--- AIM OF THE EXERCISE ---
The listing is to be returned word for word, without its images.

--- DATASET ENTRIES ---
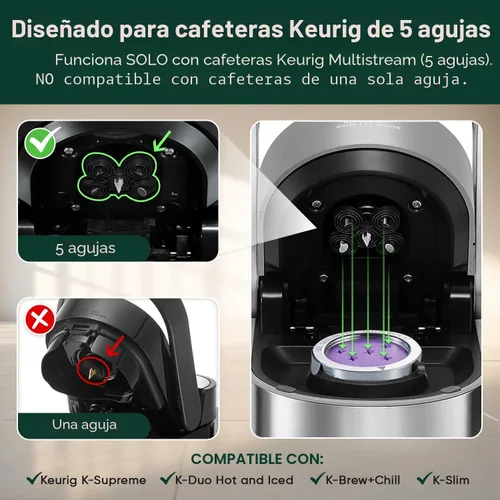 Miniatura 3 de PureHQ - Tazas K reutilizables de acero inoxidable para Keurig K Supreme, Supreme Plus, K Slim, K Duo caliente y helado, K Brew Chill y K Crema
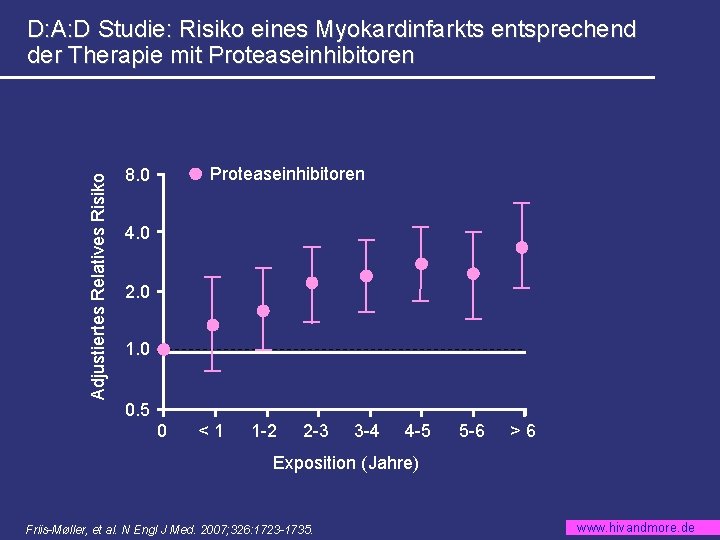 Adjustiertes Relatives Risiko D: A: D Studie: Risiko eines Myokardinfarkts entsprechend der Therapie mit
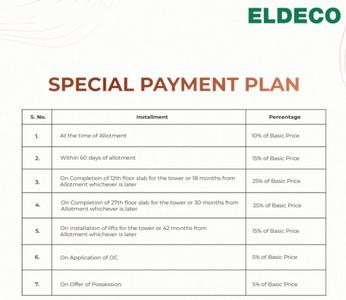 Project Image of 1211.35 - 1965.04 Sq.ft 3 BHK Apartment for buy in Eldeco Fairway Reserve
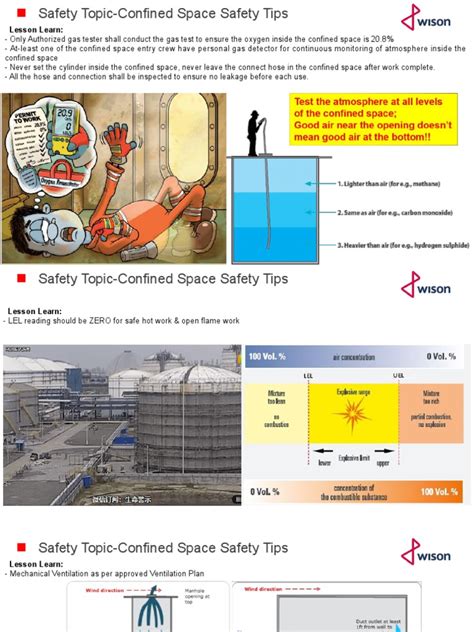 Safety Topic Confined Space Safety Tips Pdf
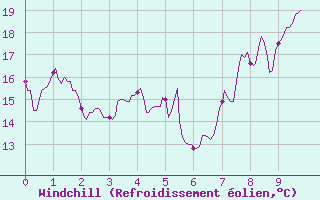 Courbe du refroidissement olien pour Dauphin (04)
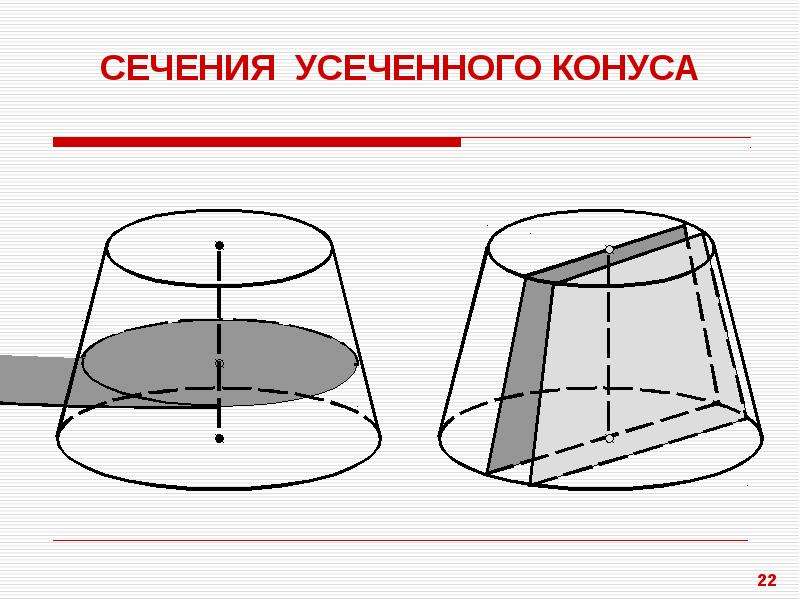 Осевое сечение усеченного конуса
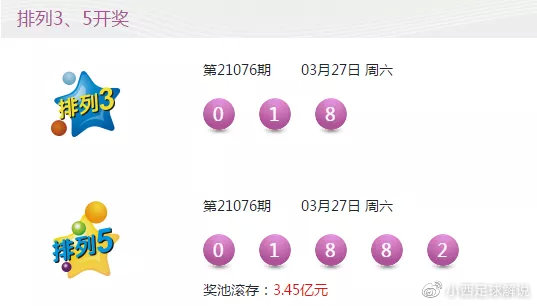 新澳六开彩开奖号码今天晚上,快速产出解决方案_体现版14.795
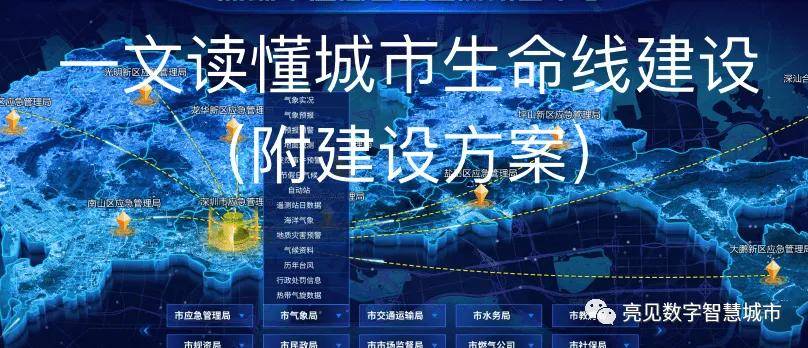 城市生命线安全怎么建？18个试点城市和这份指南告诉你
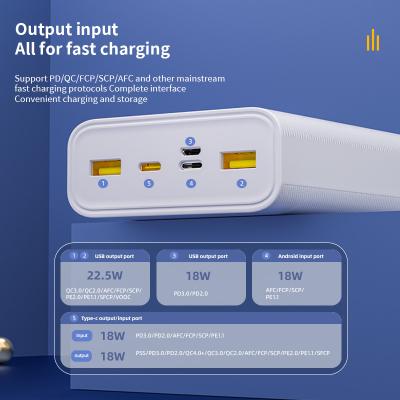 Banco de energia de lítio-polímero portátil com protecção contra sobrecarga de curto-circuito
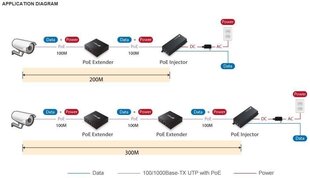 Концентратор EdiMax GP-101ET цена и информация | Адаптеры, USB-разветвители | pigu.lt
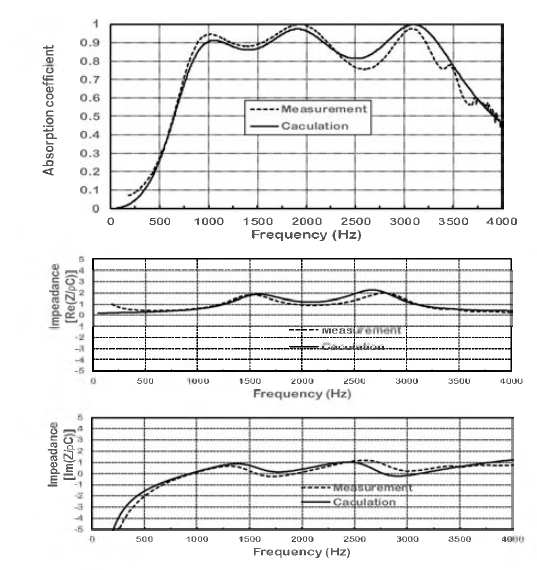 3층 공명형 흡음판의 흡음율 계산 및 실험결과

--- EXPECTED ANSWER ---
 Miniatura 3 de PureHQ - Tazas K reutilizables de acero inoxidable para Keurig K Supreme, Supreme Plus, K Slim, K Duo caliente y helado, K Brew Chill y K Crema
 Adjustiertes Relatives Risiko D: A: D Studie: Risiko eines Myokardinfarkts entsprechend der Therapie mit
 Project Image of 1211.35 - 1965.04 Sq.ft 3 BHK Apartment for buy in Eldeco Fairway Reserve
 Safety Topic Confined Space Safety Tips Pdf
 Courbe du refroidissement olien pour Dauphin (04)
 Осевое сечение усеченного конуса
 新澳六开彩开奖号码今天晚上,快速产出解决方案_体现版14.795
 城市生命线安全怎么建？18个试点城市和这份指南告诉你
 Banco de energia de lítio-polímero portátil com protecção contra sobrecarga de curto-circuito
 Концентратор EdiMax GP-101ET цена и информация | Адаптеры, USB-разветвители | pigu.lt
 3층 공명형 흡음판의 흡음율 계산 및 실험결과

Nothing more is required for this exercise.